My son, who is gifted in advanced math, received a D this quarter, alongside a C and several B’s. His potential suggests straight A’s, yet I never checked online. I had a hunch it wouldn’t turn out well, especially since he didn’t bring home a backpack the entire quarter. I could have easily monitored his assignments, nagged him about deadlines, and created a cycle of dependence that would lead to extrinsic motivation. But I chose not to.
He needed to understand that these were his grades, not mine. When the report card arrived, I saw that his teachers had given him opportunities to submit missing assignments, but he didn’t take them. He earned those grades, and while I will provide more guidance next quarter, I want him to learn intrinsic motivation — the kind that comes from wanting to achieve for himself, not for a reward or to evade consequences.

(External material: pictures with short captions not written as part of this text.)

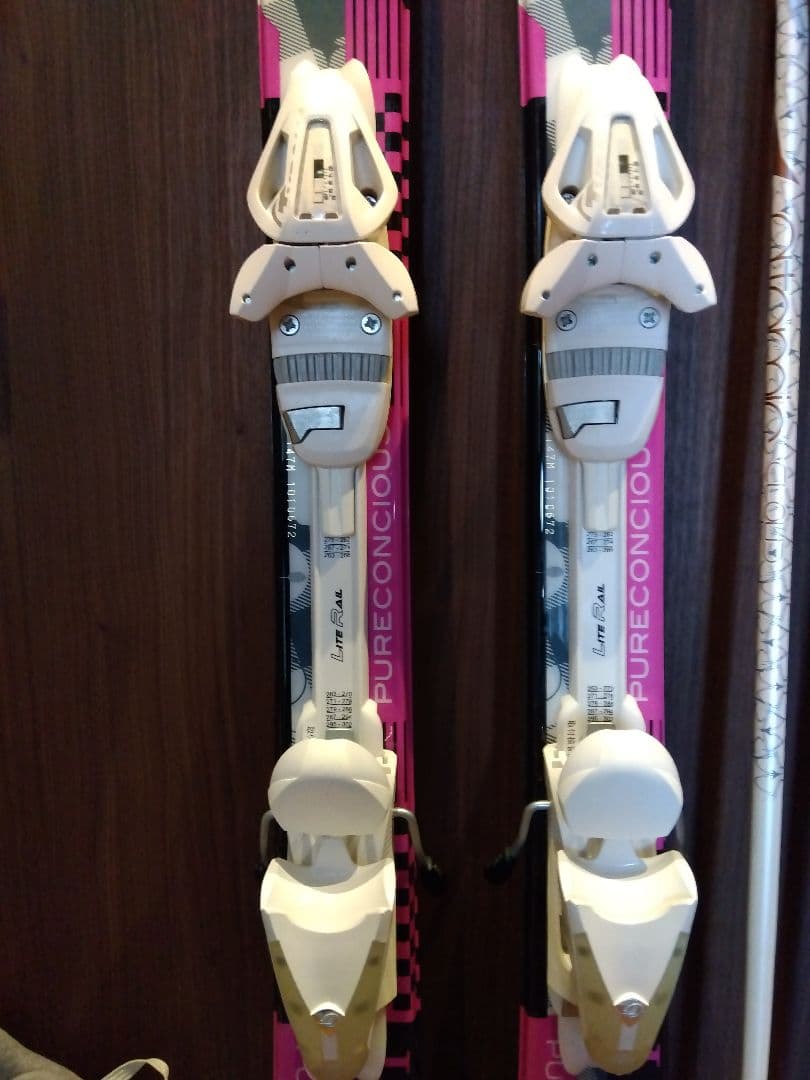 人気♥PURECONSCIOUS/レディース用/スキーセット/メンテ・WAX済✔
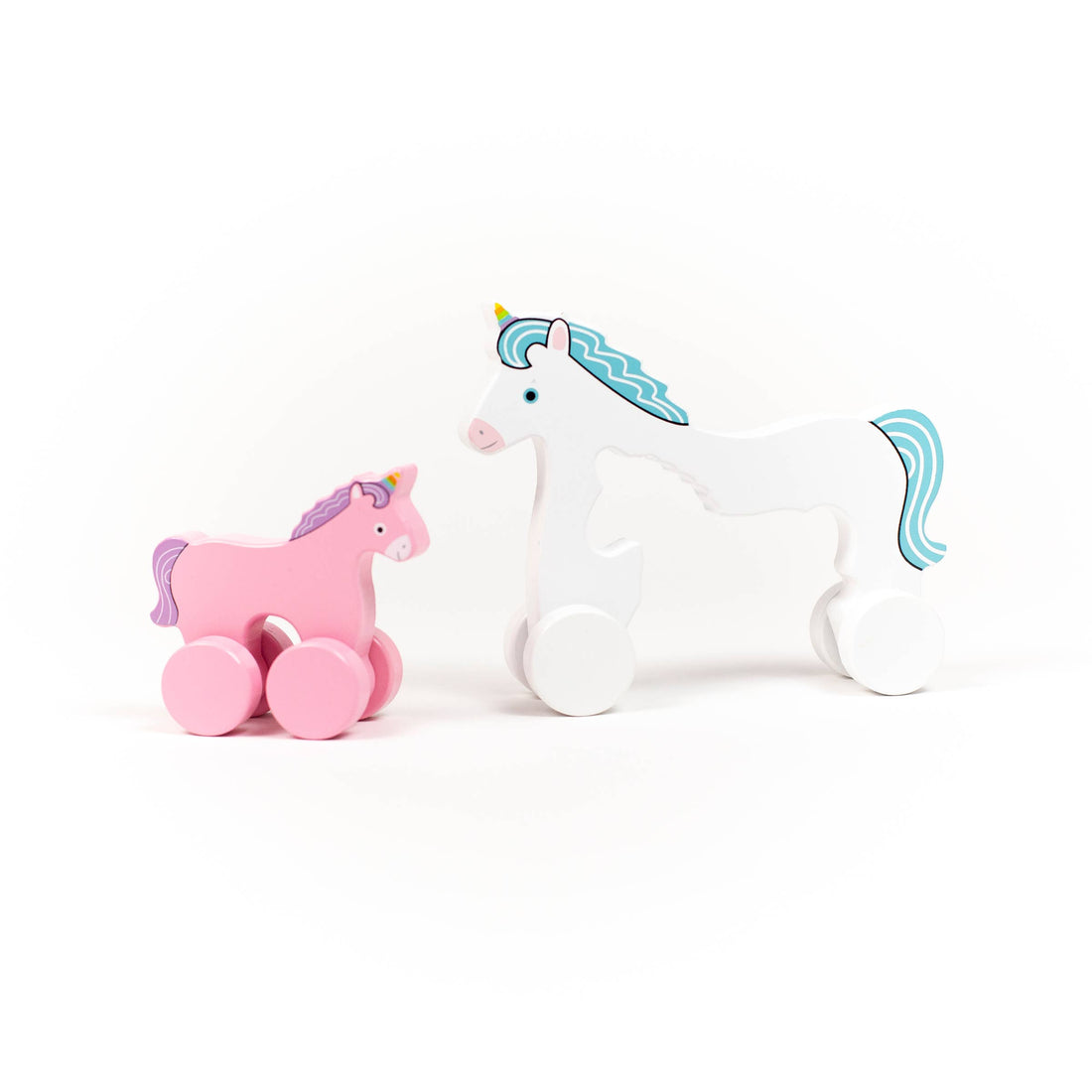 Unicorn Big &amp; Little Wooden Roller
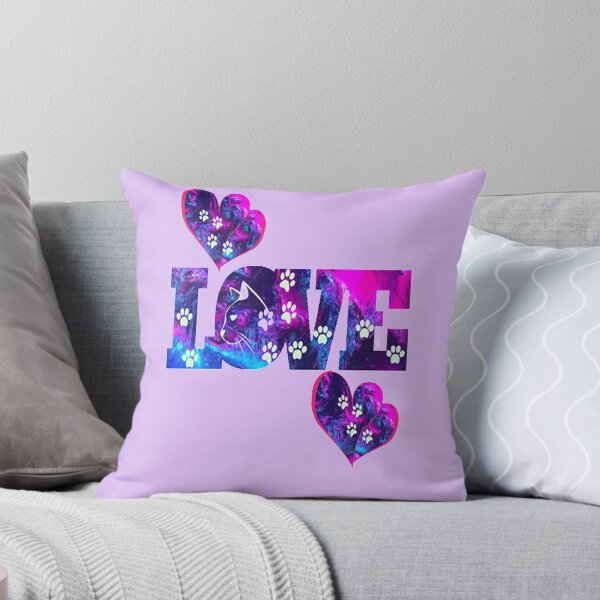 Item preview, Love Vibrant Cat Design, for the Cat Lover,  Fulltime Cat Mom- pampered pets designed and sold by Adri Barnard.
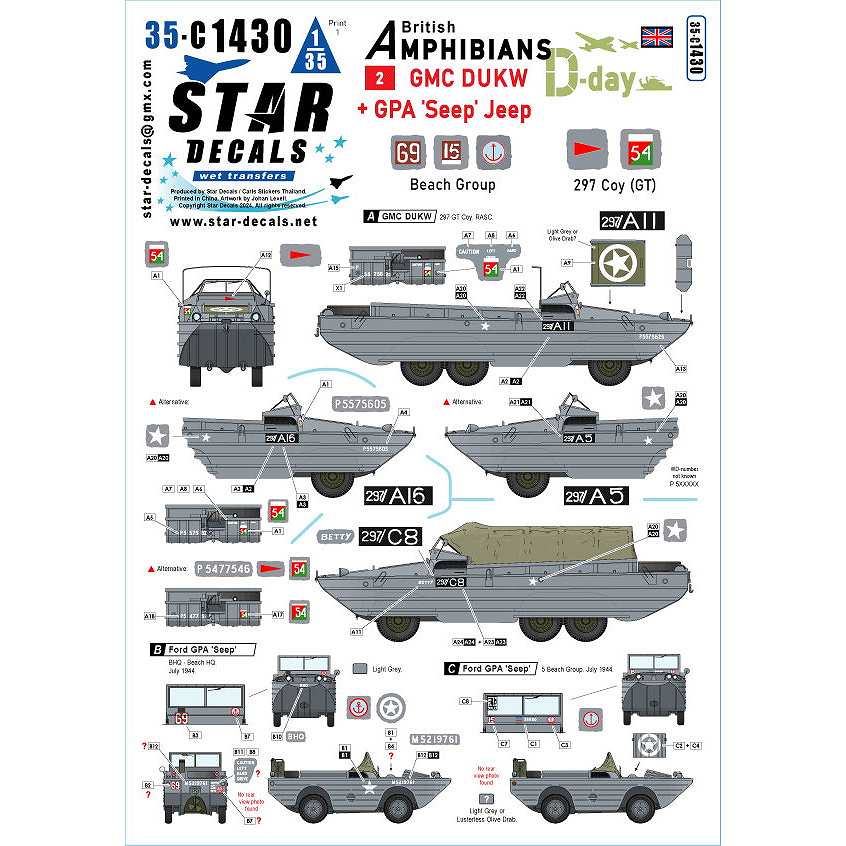 35-C1430 1/35 WWII ꥹ D-ǥDUKW/׿ΦξѼ֡2 297͢/ӡ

If you find yourself asking your child every night about assignments after checking online multiple times, this suggests they are reliant on cues. In educational circles, we call this cue dependency. It means that the grades your child receives reflect your intervention more than their actual abilities.
Let your child navigate the ups and downs of middle school. It’s a vital time for them to discover what works and what doesn’t. My freshman son managed to achieve straight A’s in his first year of high school without me ever peeking online; I simply waited for the report card. Out of twelve quarters in middle school, about half weren’t stellar, but with a little nudging from me, he could have easily had a perfect record. But those grades weren’t mine.
While my kids generally find learning to be quite accessible, they also embody the normal desire to do the bare minimum for an A. This trait helps cultivate their self-motivation. It’s time to let go. Your child is their own individual, and their grades are a reflection of their efforts. So, stop emailing teachers daily about missing grades for assignments you both worked on; your child may have missed the teacher’s announcement about when grades would be posted, knowing you’d handle the follow-up. Hovering won’t help them grow.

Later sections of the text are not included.